To inhabit is not only to have a shelter, an apartment or an assignable module, to inhabit is to conform a structure of extroversion and generation of contextual spaces. If the state provides shelter, den or refuge and then dissociates itself from the alterability of space, from its place and quality, the state does not provide housing but rather it confines or barricades a population; it assists it with shelter but denies it influence. This abandonment of influence is, in reality, an exercise of detraction given that the execution of housing modules is subtracted or removed from permanence, from the possibility, in short, of avoiding deterioration. All abandonment implies a loss and all loss implies deterioration, but all of them are subject to the will of the one who abandons.

Thus the so-called architecture of poverty cannot be instituted in an instantaneous act, but in a long process of planning, participation, and evaluation in which the user plays a leading role. Faced with a lack of resources, the only option is to build housing with the poverty budget, but few architects have decided to take this path.

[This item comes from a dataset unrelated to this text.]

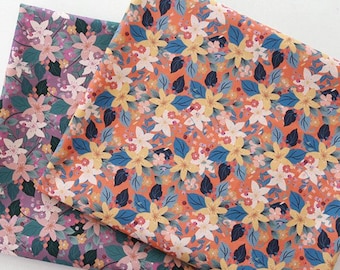 Modern Floral Cotton Fabric, Colorful Botanical Print, Coral or Mauve, 44 Inches Wide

Conventional training in schools of architecture provides neither tools nor concepts to train professionals capable of facing the housing problems of the sectors retained in poverty, nor to understand that the environment modifies the human being. Among other things because the architect himself must look for problems outside architecture. It is necessary to find a way through the questions: to the ministry of housing, to the local communities... and to have a fair measure of the existing restrictions. Then all that remains is to undertake, empathize and create. And again to empathize, which is nothing else than to look for answers, and perhaps, thus persuaded and integrated, we can put aside this apocalyptic vision because, in the expression of P. Virilio, the outside begins here.